I forged the letter, I disposed the picture;

I hated, I despised, and I destroy.

"I ask, my lords, whether the revengeful temper, attributed by poetic fiction only to the bloody African, is not surpassed by the coolness and apathy of the wily American?"

These pleadings for a time worked great effect: the lords assented, the town was convinced, Dr. Franklin was disgraced[133], and Mr. Wedderburn seemed in the road for every kind of advancement.—Unfortunately for Mr. Wedderburn, the events of the war did not correspond with his systems. Unfortunately too for his "irrefragable argument," Dr. Franklin afterwards took an oath in chancery[134], that at the time that he transmitted the letters he was ignorant of the party to whom they had been addressed, having himself received them from a third person, and for the express purpose of their being conveyed to America. Unfortunately also for Mr. Wedderburn's "worthy governor," that governor himself, before the arrival of Dr Franklin's packet in Boston, sent over one of Dr.
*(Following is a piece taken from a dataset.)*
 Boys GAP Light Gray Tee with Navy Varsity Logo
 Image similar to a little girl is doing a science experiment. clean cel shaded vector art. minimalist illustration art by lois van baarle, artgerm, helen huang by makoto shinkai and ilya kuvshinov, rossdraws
Franklin's own "private" letters to England, expressing some little coyness indeed upon the occasion, but desiring secrecy, lest he should be prevented procuring more useful intelligence from the same source[135]. Whether Mr. Wedderburn in his speech intended to draw a particular case and portraiture, for the purpose only of injuring Dr. Franklin, or meant that his language and epithets should apply generally to all, whether friends or foes, whose practice should be found similar to it, is a matter that must be left to be adjusted between governor Hutchinson and Mr. Wedderburn.

But to return to Dr. Franklin. It was not singular perhaps, that, as a man of honour, he should surrender his name to public scrutiny in order to prevent mischief to others, and yet not betray his coadjutor (even to the present moment) to relieve his own fame from the severest obloquy; but perhaps it belonged to few besides Dr. Franklin, to possess mildness and magnanimity enough to refrain from intemperate expressions and measures against Mr. Wedderburn and his supporters, after all that had passed. B. V.

[131] i. e. Fur (or thief).

[132] Act Vth.

[133] He was dismissed from his place in the post-office.

[134] A copy of the proceedings in chancery has been in my possession, but being at present mislaid I speak only from memory here.

[135] See the Remembrancer for the year 1776, part 2d. p. 61 col. 1st, and 2d.